Doomsayers' forecast predicted oil prices sagging amid no deal in Doha, but the market has traded firmly, even as oil producers threaten to continue pumping crude into the glut.
Oil's current supply and demand balance is the market's catalyst, according to Barclays' head of energy commodities research. At the same time, while non-OPEC oil producers (especially in the U.S.) have begun to adjust to an oversupplied market, oil demand continues to give energy watchers mixed signals.
"We've seen production coming off 50,000; 100,000 barrels a day — every single month," Michael Cohen said in an interview with "Closing Bell." "We've seen really strong consumer-led demand for airlines and also for gasoline," he said on Tuesday.
Still, "industrial demand is coming off pretty steeply because of this reduction in drilling activity, reduction in rail activity," he added.
In this same vein, a strike in Kuwait, which has slashed the country's oil production by more than half, has driven the price of oil higher.
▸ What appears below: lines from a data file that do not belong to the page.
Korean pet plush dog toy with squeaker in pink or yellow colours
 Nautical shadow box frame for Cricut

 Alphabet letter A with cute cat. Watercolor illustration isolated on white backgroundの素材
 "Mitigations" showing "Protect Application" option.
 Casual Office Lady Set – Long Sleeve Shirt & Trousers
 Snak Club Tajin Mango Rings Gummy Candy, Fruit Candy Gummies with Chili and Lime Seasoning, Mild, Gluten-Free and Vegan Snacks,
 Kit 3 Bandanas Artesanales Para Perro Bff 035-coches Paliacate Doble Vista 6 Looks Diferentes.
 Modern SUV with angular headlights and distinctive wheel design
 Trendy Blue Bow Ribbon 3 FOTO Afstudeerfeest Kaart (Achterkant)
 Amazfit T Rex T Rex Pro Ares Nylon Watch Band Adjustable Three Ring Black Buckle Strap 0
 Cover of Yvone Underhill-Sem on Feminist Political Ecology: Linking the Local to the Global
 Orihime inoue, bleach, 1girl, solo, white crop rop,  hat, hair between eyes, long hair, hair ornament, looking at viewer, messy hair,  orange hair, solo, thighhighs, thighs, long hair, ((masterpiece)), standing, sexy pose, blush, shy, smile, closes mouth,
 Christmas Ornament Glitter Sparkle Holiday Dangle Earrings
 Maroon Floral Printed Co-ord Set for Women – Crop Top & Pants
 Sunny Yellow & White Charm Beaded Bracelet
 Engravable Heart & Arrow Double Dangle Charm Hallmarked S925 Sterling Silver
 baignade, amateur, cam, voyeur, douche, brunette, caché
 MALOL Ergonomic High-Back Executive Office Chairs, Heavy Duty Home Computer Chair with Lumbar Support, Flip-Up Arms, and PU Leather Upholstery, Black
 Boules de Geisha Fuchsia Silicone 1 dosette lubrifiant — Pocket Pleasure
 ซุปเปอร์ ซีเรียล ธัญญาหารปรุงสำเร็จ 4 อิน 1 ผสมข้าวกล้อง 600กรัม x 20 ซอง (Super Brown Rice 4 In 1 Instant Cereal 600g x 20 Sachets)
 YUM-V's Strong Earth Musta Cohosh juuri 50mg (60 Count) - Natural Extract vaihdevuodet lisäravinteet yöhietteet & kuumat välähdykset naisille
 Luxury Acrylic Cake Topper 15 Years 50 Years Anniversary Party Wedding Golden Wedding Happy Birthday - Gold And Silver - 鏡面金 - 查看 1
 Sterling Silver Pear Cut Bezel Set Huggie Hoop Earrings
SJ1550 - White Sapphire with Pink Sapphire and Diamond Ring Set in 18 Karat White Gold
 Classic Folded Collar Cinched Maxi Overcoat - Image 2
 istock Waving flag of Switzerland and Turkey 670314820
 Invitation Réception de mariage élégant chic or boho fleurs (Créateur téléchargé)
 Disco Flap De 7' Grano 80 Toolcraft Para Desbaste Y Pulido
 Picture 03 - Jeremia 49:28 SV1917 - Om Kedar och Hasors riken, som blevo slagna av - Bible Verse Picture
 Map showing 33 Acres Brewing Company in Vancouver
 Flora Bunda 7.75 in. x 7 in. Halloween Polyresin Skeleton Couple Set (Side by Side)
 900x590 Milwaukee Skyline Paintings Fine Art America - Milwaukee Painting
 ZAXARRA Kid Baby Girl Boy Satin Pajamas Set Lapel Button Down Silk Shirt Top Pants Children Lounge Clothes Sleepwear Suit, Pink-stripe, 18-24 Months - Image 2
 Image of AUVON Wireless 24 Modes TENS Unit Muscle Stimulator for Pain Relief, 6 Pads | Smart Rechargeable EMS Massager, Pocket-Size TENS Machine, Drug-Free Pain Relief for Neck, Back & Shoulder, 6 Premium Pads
U.S. crude settled up more than 3 percent at $41.08 a barrel on Tuesday. Similarly, the internationally traded Brent traded up nearly three percent to settle at $44.04 on the day.
Cohen expects unplanned outages to continue to affect the oil market, a constructive aspect from a balance perspective, but the strike in Kuwait won't last too long, he told CNBC.
The International Energy Agency's April report stated that both demand and supply in the oil sector have declined. The report said that global oil demand will ease to around 1.2 million barrels per day in 2016, below the 1.8 mb/d expansion of 2015. Similarly, the IEA found that global oil supply sank by 0.3 million barrels per day last month to 96.1 mb/d, "with annual gains shrinking to 0.2 mb/d, from 1.7 mb/d a month earlier."
Barclays is concerned about oil demand cooling this quarter, a factor that will keep oil trading between $35 and $45 a barrel, Cohen said. The firm considers that demand will rise again during the fourth quarter and oil prices could surge to $50 a barrel by the end of the year.
The volatility, however, will encourage bankruptcies in the oil and gas sector, Cohen said during his interview Tuesday. "We will see [bankruptcies] again and even more by the end of the year," he said.
— Reuters contributed to this report.